An example of a plot of the cantilever deflection as a function of the deflection force. In this case the length of the cantilever length is 4752.6 µm, the diameter is 18.5 µm, and the mass of the support chip is 4.034 mg. The length of the support chip is 7227 µm. The deflection force varies from 3.6 µN to 5.7 µN.

When plotted, the data in Fig. 7 can be fitted using a linear function (dashed line in Fig. 7). The coefficient of determination is 0.98. The slope of the plot is 260.46 m/N meaning that the inverse of the slope of this data, i.e. the stiffness of the cantilever, is evaluated to be 3.48 × 10⁻³ N/m.

However, before computing the flexural modulus the circularity and porosity of the fibres must be taken into consideration. There are two reasons for this: (1) the cross-sectional shape can differ from fibre to fibre and (2) lax fibres are known to have porosity (hollowness) known as a lumen^24,25. Both these issues will affect the accuracy of the mechanical modelling if a cylindrical fibre approximation is considered—as do many authors^26,27. Indeed, Hanninen et al.²⁸ pointed out the potential impact of the lumen hollowness of the fibres on the mechanical properties.

In order to assess these two issues, we have observed the cross section of flax stems used for the study. Cross sections of stem samples were prepared using resin embedding to provide mechanical rigidity for diamond sawing²⁹. Figure 8 shows Images of the flax stem cross section and the fibre bundles.

Figure 8

Images of stem cross section showing the fibres bundles. Images were obtained using (a) digital optical microscopy. The inset to (a) shows a scanning electron microscopy (SEM) image of the cross section of a single flax fibre. (b) Illustrations of the shapes of the observed fibre cross sections.

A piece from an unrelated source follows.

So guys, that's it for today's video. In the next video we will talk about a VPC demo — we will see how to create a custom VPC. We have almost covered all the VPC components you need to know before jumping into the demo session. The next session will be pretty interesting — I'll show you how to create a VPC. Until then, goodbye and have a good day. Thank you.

First considering the circularity of the fibres. Figure 8a shows an example of images of a stem cross section taken using optical and electron microscopy (inset). Inspection of the experimental data revealed that fibres had three principal types of cross sections: (1) circular, (2) polygonal, and (3) irregular, see Fig. 8b. A proportion of the fibres shown in Fig. 8a have a near circular cross section (red shapes)—see also insert to Fig. 8a. There are several polygon-shaped cross sections with varying numbers of sides (blue shapes)—these can also be approximated to a near circular cross section for the modelling. However, there are also fibres with irregular cross sections (green shapes). These fibres were excluded from bending experiments using the top-view and side-view microscopy observations described above.

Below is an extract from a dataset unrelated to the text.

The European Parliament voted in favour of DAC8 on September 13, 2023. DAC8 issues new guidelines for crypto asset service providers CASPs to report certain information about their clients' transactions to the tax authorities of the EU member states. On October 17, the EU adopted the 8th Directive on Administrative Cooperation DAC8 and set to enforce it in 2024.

Second, considering the porosity of the fibres. A knowledge of the inner diameter is required for the modelling. However, As the measurement of the inside diameter is destructive we need a non-destructive method to evaluate the inner diameter. Cross sections data enabled the extraction of the inner/outer diameter ratio \(\eta ={d}_{i}/{d}_{o}\) as a function of the outer diameter of the fibres to be plotted. Note that only near-circular cross section fibres were considered. Figure 9 shows a plot of the ratio η as a function of outer diameter.

Figure 9

Plot of the ratio of the inner diameter to the outer diameter of flax fibres as a function of the outer diameter of the fibre. The inset shows a cross section of a flax fibre.

Figure 9 was obtained using 50 fibre cross sections, and 12 diameter measurements per fibre cross section. The average value of \(\eta\) was calculated to be 0.12 ± 0.04 for fibres with outer diameters ranging from 10 to 40 µm. Note that only near-circular cross section fibres were considered. Our findings agree with other published data³⁰.

In the case of a porous fibre^24,25 having an outer diameter \({d}_{o}\) and an inner diameter \({d}_{i}\), we have:

$${E}_{f}=\frac{32{L}_{c}^{3}mg{L}_{s}{\text{cos}}\theta }{3\delta \pi \left({d}_{o}^{4}-{d}_{i}^{4}\right)\left({L}_{s}+{L}_{c}\right)}$$

(13)

Taking the value of \(\eta\) to be 0.12 from the experimental measurements, Eq. 13 reverts to Eq. 10, i.e. \({d}_{i}\) is negligible. Therefore, the flexural modulus \({E}_{f}\) can be written as:

$${E}_{f}=\frac{32{L}_{c}^{3}mg{L}_{s}{\text{cos}}\theta }{3\delta \pi {d}_{o}^{4}\left({L}_{s}+{L}_{c}\right)}$$

(14)

By using Eq. 14, we can now compute the flexural modulus of the fibres measured in the experiments. A summary of the low deflection results can be found in Table 1.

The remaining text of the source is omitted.